To do: Search the entries for the word "Stock". Copy each line in which it is found.
### Data shown
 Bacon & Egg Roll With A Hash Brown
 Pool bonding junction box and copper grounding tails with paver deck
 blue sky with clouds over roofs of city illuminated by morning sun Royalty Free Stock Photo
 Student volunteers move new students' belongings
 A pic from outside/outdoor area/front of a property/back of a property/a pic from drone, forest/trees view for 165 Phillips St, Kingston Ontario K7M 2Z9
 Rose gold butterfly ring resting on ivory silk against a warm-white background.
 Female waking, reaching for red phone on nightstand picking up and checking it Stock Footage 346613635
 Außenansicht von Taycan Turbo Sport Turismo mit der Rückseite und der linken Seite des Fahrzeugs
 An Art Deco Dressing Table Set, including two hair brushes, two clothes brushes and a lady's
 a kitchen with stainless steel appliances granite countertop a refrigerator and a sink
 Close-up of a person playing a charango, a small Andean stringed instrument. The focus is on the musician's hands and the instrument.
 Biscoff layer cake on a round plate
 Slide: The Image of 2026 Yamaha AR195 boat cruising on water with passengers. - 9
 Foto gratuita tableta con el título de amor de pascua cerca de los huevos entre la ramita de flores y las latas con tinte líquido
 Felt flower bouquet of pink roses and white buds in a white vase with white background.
######
The answer:
 blue sky with clouds over roofs of city illuminated by morning sun Royalty Free Stock Photo
 Female waking, reaching for red phone on nightstand picking up and checking it Stock Footage 346613635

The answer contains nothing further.